Lugana lies just south of Lake Garda, Italy’s largest lake and one of the most beautiful and popular tourist destinations in Northern Italy. Centuries ago the area was covered by “Selva Lucana”, a really dense marshy forest. 
Vines in the area date back to the Bronze Age. As early as 1595, Lugana was praised by philosopher and author Andrea Bacci as “lusty, agreeable wine.”

The soil is sedimentary clay deposited by movements of the glaciers. It is chalky and rich in limestone and mineral salts. The wines are some of the top whites in the country. They have clean, powerful scents that combine hints of almonds and citrus fruits, as well as acidity, tanginess and a well-balanced structure.

Lugana rocks in the “climate cradle” created by Lake Garda. The lake moderates the temperature with breezes that are mild and fairly constant. There is little difference between day and night temperatures, making it ideal for the grape Turbiana.


The Turbiana Touch

For years Turbiana, also called Trebbiano di Lugana, was confused with Verdicchio. Studies have shown that it is indeed its own unique cultivar. The grapes are medium-sized and thick-skinned with a lower yield than other Trebbiano.

Winemakers produce five different styles of Lugana DOC wine: standard Lugana, Superiore, Riserva, Vendemmia Tardiva (Late Harvest) and Spumante (Sparkling). Ninety percent of Lugana wine is the “standard” Lugana – fresh and young with citrus and floral notes.

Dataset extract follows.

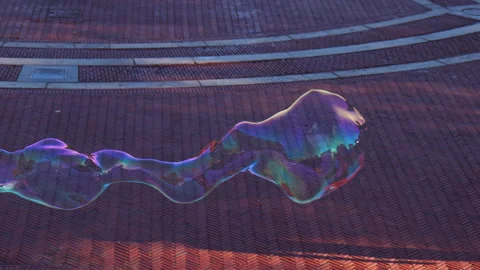 Soap Bubble Shape Floating above Ground Expanding and Bursting, Dragged by Stock Footage 220539140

Lifting A Glass Of Lugana!

We had a chance to taste through four bottles of Lugana. Here are the food pairings and tasting notes:

Citari 2019 Sorgente - We started with a raw summer squash ravioli with vegan almond "ricotta" followed by linguini in a white clam sauce. The Sorgente is a light-bodied white wine with tart citrus and bright acidity. There are floral and starfruit notes on the nose.

Lugana DOC Wine
Marangona 2017 Tre Campane - The Marangona 2017 Tre Campane is fresh with citrus notes of orange, a body that mellows in the glass. Blossom notes and a dash of salinity. Tre Campane means 'Three Bells.' The wine is aged in cement -- no hiding the great flavors behind oak! Our culinary team whipped up Tomato and Corn Whole Wheat Rotini and White Bean & Beet Green Sauté.

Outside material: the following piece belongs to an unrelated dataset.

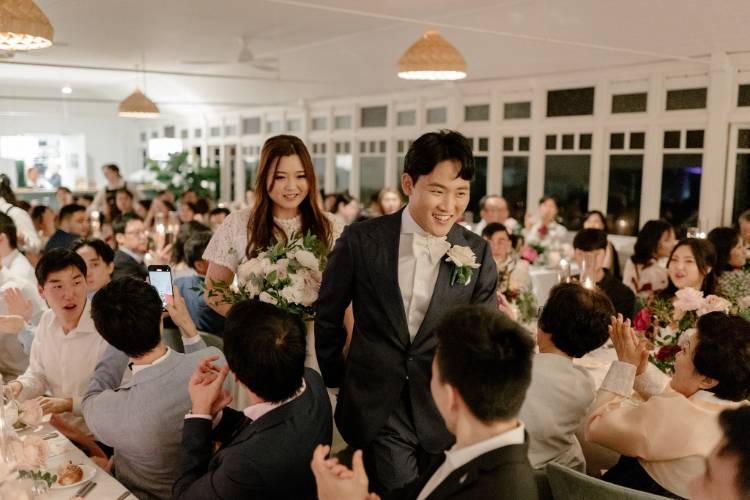 Bride & groom walking through wedding reception organised by event planner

Olivini 2016 Brut - Our meal choice was white pizza with herbed Alfredo sauce and lemon garlic kale. The wine has floral and apple notes and a good savory side thanks to 48 months on the lees. The metodo classico is used. That's the same way Champagne is made, with a second fermentation in the bottle.

Cà Maiol 2018 –
This was the most complex of the Lugana wines we tried. It starts with a nice aroma of flower blossoms in the rain. It is tangy with waves of salinity and minerality. Flavor notes include apples and roasted fruit. Served with chicken and penne pasta in pesto cream sauce and a beet salad with herbed goat cheese and walnuts.

Lugana is a premium white wine that should be on your radar in your hunt for elegant Italian wine. It’s food friendly with a lively flavor profile that’s sure to please.